Tin Sokhavuth
Five women were saved by the capital’s anti-human trafficking and juvenile protection police from being trafficked to China. National Police |
A report published last week by the UN Action for Cooperation Against Trafficking in Persons (UN-ACT) says the main cause of human trafficking from Cambodia to China was a lack of jobs and low wages, forcing many young women to look at opportunities abroad.
“In Cambodia, a lack of jobs and low wages results in many young women looking for opportunities outside their home country,” said the report.
The report was based on interviews with 42 Cambodian women between September 2014 and March 2015.
The report said many of the women, whose ages ranged from 18 to 37, were recruited by agencies working without transparency. In many cases in China, those women were forced to marry Chinese men to find jobs.
Their marriages often resulted in disappointment because they were told about fortune and opportunity, but ended up getting married to poor men living in rural areas.
Also, in China, those Cambodian women lived in captivity – food was withheld and communication and freedom of movement were restricted.
They also were threatened with paying back the travel costs to China ranging from $2,000 to $8,000. So their only choice was to get married to a Chinese man, the report added.
When the women tried to escape, some struggled to reach the Cambodian embassy or consulate which was far from where they lived.
During their escape, some women asked Chinese police to help them, but were instead sent back to their Chinese husbands.

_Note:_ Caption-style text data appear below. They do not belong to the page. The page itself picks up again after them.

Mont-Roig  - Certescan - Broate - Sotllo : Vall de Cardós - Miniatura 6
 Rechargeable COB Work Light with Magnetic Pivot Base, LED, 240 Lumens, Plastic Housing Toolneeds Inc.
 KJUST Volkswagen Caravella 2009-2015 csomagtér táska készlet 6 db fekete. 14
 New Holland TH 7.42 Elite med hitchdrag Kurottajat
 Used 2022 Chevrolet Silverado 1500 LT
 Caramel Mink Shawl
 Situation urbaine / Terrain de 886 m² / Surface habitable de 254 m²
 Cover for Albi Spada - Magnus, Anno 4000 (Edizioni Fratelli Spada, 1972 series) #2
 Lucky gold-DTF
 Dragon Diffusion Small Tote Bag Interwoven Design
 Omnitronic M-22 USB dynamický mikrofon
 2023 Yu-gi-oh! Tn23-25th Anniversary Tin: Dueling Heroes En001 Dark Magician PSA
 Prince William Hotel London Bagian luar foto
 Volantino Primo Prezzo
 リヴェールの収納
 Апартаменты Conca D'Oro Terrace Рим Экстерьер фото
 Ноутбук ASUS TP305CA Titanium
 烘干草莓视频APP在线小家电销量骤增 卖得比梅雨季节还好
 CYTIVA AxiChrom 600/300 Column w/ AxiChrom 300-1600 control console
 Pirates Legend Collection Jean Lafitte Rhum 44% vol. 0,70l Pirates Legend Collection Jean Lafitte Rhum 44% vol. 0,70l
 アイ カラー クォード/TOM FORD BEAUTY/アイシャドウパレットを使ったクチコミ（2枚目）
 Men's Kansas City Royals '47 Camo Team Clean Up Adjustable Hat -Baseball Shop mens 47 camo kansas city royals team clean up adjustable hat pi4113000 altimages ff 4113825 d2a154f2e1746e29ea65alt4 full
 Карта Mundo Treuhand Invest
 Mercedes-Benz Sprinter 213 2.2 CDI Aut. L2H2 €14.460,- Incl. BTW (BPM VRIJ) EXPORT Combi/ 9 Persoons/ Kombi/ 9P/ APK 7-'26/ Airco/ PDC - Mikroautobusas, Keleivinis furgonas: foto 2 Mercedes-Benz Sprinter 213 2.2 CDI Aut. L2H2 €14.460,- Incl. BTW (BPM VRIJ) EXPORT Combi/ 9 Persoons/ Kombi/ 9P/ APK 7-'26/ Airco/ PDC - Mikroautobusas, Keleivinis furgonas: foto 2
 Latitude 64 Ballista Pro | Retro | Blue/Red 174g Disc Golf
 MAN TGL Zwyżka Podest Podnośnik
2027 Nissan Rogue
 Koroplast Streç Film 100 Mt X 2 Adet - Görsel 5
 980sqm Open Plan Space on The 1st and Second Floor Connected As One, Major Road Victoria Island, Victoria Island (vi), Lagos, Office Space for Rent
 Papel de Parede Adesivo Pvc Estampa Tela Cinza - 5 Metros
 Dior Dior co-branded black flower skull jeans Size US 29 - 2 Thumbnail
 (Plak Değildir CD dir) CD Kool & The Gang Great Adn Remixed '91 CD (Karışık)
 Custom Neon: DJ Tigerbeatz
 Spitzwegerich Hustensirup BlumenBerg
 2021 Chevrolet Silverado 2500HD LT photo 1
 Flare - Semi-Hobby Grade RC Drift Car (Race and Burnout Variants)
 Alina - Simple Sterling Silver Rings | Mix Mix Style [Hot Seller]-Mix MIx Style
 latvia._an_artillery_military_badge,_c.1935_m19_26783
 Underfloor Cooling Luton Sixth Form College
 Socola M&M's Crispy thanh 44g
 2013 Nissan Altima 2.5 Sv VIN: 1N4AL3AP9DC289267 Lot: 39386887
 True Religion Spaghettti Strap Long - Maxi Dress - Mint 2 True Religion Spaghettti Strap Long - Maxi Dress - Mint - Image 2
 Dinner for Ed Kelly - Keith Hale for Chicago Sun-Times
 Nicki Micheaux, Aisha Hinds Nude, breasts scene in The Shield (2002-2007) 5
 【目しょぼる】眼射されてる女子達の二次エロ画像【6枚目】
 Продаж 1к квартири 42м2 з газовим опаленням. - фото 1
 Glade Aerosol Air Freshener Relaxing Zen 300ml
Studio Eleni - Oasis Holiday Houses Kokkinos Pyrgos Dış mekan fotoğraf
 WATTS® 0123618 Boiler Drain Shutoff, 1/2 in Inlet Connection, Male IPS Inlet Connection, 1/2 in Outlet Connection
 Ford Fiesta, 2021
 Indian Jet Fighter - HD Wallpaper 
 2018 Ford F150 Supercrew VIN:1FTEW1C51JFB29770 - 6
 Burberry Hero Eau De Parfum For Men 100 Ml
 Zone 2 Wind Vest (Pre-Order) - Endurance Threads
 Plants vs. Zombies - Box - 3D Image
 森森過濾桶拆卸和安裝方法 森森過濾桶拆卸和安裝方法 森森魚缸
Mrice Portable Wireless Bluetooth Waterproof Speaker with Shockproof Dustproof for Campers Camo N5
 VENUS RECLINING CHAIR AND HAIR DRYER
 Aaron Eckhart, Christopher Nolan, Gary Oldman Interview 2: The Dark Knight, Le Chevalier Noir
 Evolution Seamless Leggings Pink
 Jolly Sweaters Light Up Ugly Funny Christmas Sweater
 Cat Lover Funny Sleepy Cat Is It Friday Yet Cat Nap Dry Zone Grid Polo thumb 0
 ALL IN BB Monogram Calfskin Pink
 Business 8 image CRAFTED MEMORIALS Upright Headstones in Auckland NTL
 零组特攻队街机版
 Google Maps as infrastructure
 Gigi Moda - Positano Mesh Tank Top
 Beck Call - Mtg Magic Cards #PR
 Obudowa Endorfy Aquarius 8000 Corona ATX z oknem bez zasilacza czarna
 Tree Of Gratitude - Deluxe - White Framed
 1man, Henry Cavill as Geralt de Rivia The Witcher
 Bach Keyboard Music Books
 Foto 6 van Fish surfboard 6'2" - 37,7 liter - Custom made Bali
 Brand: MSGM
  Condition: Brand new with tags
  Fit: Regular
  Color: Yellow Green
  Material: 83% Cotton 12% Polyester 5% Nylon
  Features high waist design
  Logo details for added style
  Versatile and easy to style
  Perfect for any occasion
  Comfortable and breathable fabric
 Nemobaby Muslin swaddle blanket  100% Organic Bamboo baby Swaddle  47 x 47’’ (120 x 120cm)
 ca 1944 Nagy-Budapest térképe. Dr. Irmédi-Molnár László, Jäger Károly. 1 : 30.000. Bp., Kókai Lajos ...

The report concluded by recommending the two countries create better migration channels, including a marriage service.
“Current restrictions only serve to make migrants who continue to move to China for marriage purposes more vulnerable to abuse and exploitation,” it read.
Suon Bunsak, secretary-general of the Cambodian Human Rights Action Committee, said that to tackle this problem, the government was enforcing the Anti-Human Trafficking Law by punishing agencies that recruit Cambodian women to China for different purposes including marriage.
“The agencies that recruit Cambodian women to get married to Chinese men have to study the reasons for marriage carefully. If something goes wrong, they have to take responsibility according to the law,” he said.
On the other hand, according to the US State Department’s 2016 Trafficking in Persons (TiP) report in June, Cambodia was a place where men, women and children were subjected to forced labor and sex trafficking.
“Significant numbers of women from rural areas are recruited under false pretenses to travel to China to enter into marriages with Chinese men; some are subjected to forced factory labor or forced prostitution,” said the report.
However, the TiP report added that the Cambodian government was making efforts to reach the minimum standards in term of tackling the problem of human trafficking.
“The government of Cambodia does not fully meet the minimum standards for the elimination of trafficking; however, it is making significant efforts to do so,” it added.